XML Data Management
Extensible Markup Language (XML) is a simple, very flexible text format derived from SGML (ISO 8879), originally designed to meet the challenges of large-scale electronic publishing. As a de facto standard of web data representation and exchange, many applications have been built on XML, for example, stock exchange, news subscribe, sensor network and so on. XML has made a great impact on Internet information management and integration. These changes have brought out many big challenges for managing semi-structured XML data..
  • Motivation
  • XML document can be modeled as a tree with labeled nodes, which is different from Relational Data Model, thus how to manage XML data in its’ native way is a new challenge for us. All existing methods about XML data management can be classified into two categories, one is storing XML data into relational databases, and the other is designing and storing XML data into native XML Databases. Native XML database system has attracted many researchers’ attention since it can keep the tree structure of XML data, take nodes or sub-tree as storage unit. The challenges include how to store XML data to support efficient query processing, how to update XML data, how to construct XML index and how to query matched results for a given query and so on.
  • XML Data Storage
  • By analyzing existing native XML storage technologies, we proposed storage XML data according to their schema information, and implemented four kinds of storage strategies, which can automatically cluster XML data to the same unit according to the features of the given XML document. Further, elements of the same type may be organized together or in document order according to query requirement. Such storage mechanism can greatly facilitate the query processing.The prototype, OrientStore, implemented by us was published in VLDB2003, which has been cited twice. Athena Vakal et al. said our method “The advantages of this approach are evident in several new applications” in their paper published in IEEE Internet Computing 9(2): 62-69 (2005).

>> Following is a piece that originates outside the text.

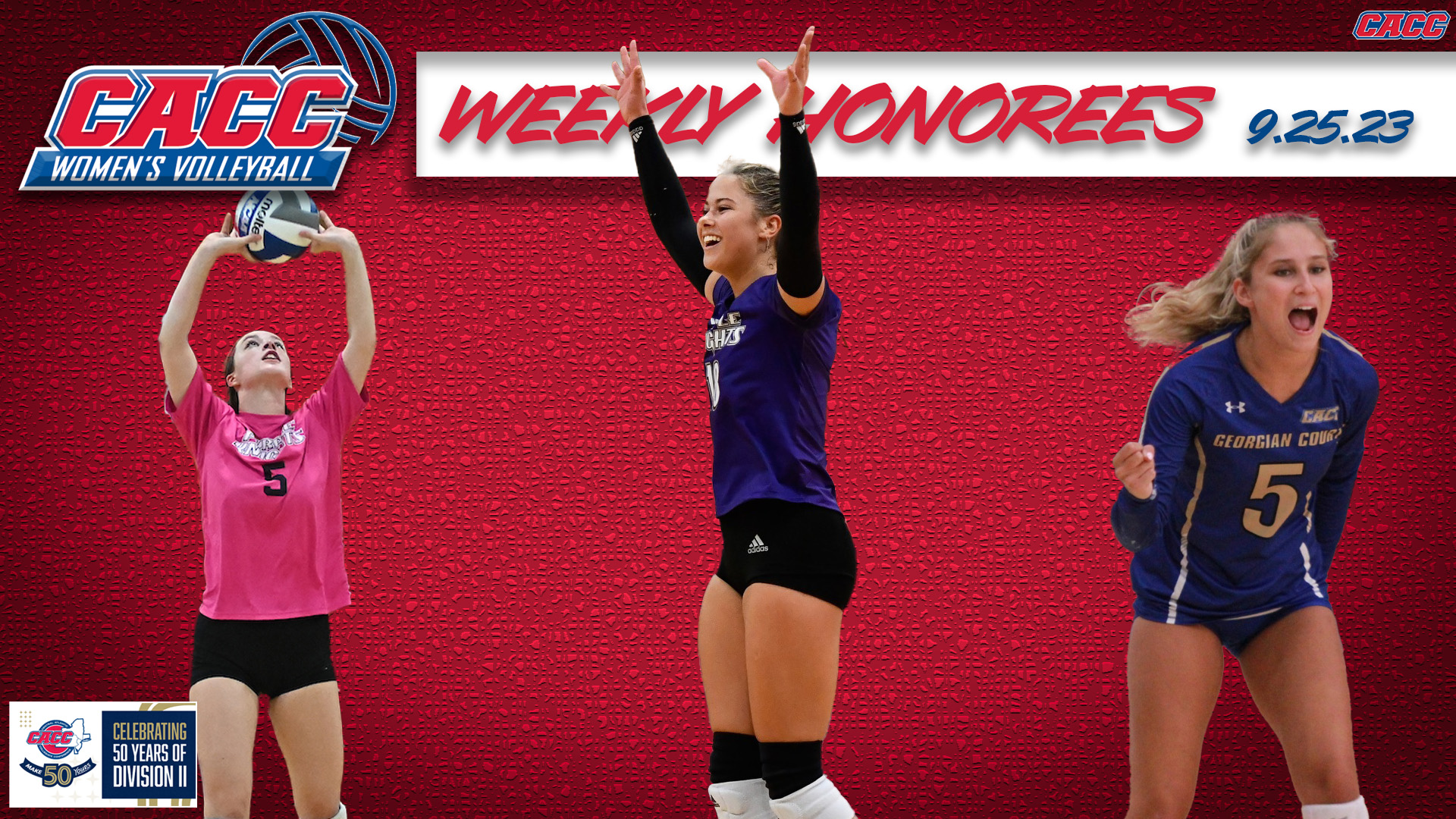 CACC Women's Volleyball Weekly Honorees (9-25-23)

    We have applied for a patent based on this method (No: 200410073869.5).

  • XML Numbering Scheme
  • We focus on range-code and XML Numbering update. The strategy for update is to reserve numbering space. The problem is how to reserve space and how to reallocate the space when necessary. We propose space reserving algorithm and renumbering algorithm respectively for this problem. Our experimental results show our method is effective and efficient, which can greatly reduce the cost of update and more than 85% data will not cause renumbering.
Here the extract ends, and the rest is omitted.